# Module 1: Data Analysis and Data Preprocessing

## Section 2: Feature scaling and normalization

### Part 3: Robust Scaling

In this part, we will explore the concept of Robust scaling, a data preprocessing technique used to transform features by scaling them to be robust to outliers. Robust scaling is particularly useful when dealing with datasets that contain extreme values or outliers.

### 3.1 Understanding Robust Scaling

Robust scaling, also known as robust standardization, is a technique used to transform numerical features by scaling them based on robust statistics that are less affected by outliers. It involves subtracting the median and dividing by the interquartile range (IQR) of each feature.

The RobustScaler uses the median and interquartile range (IQR) to scale the data, making it less sensitive to outliers. The median is used to center the data, and the IQR is used to scale it. The IQR is defined as the difference between the 75th percentile (Q3) and the 25th percentile (Q1) of the data.

### 3.2 Using robust scaling

To apply robust scaling, we need a dataset with numerical features. The scaling process involves calculating the median and IQR of each feature in the training set. We then subtract the median and divide by the IQR for each feature in both the training and test sets.

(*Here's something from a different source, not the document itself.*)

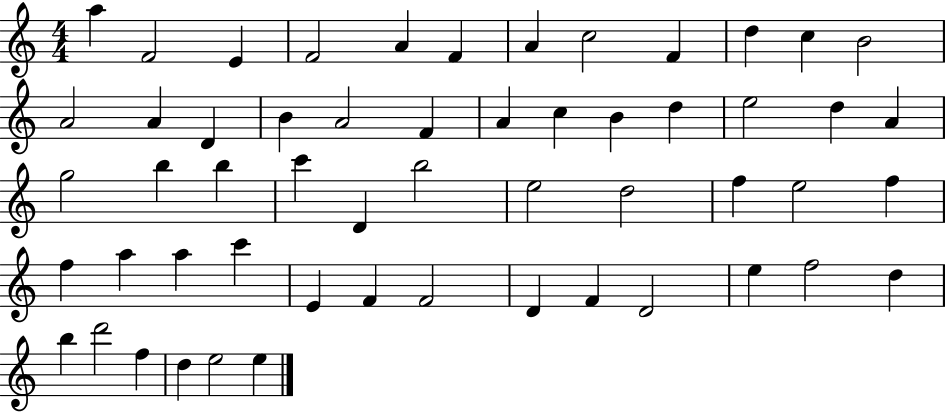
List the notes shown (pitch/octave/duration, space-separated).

A5/q F4/h E4/q F4/h A4/q F4/q A4/q C5/h F4/q D5/q C5/q B4/h A4/h A4/q D4/q B4/q A4/h F4/q A4/q C5/q B4/q D5/q E5/h D5/q A4/q G5/h B5/q B5/q C6/q D4/q B5/h E5/h D5/h F5/q E5/h F5/q F5/q A5/q A5/q C6/q E4/q F4/q F4/h D4/q F4/q D4/h E5/q F5/h D5/q B5/q D6/h F5/q D5/q E5/h E5/q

Scikit-Learn provides the RobustScaler class for performing robust scaling. Here's an example of how to use it:

In [None]:
import numpy as np
from sklearn.preprocessing import RobustScaler

# Sample dataset with a single feature (column)
data = np.array([[1],
                 [2],
                 [3],
                 [4],
                 [5],
                 [100]])

print("Original Data:")
print(data)

# Create a RobustScaler object to robustly scale the data
scaler = RobustScaler()

# Fit the RobustScaler to the data and compute the median and IQR for scaling
scaler.fit(data)

# Transform the data using the learned parameters for robust scaling
scaled_data = scaler.transform(data)

print("\nRobustly Scaled Data:")
print(scaled_data)

In this example, we created a sample dataset with a single feature and six samples. One of the samples (100) is an outlier, which could significantly impact scaling if we use StandardScaler or MinMaxScaler. Instead, we used the RobustScaler to scale the data robustly.

### 3.3 Summary

Robust scaling is a data preprocessing technique used to transform numerical features by scaling them based on robust statistics. The key idea behind robust scaling is to bring all features to a common scale while minimizing the influence of outliers.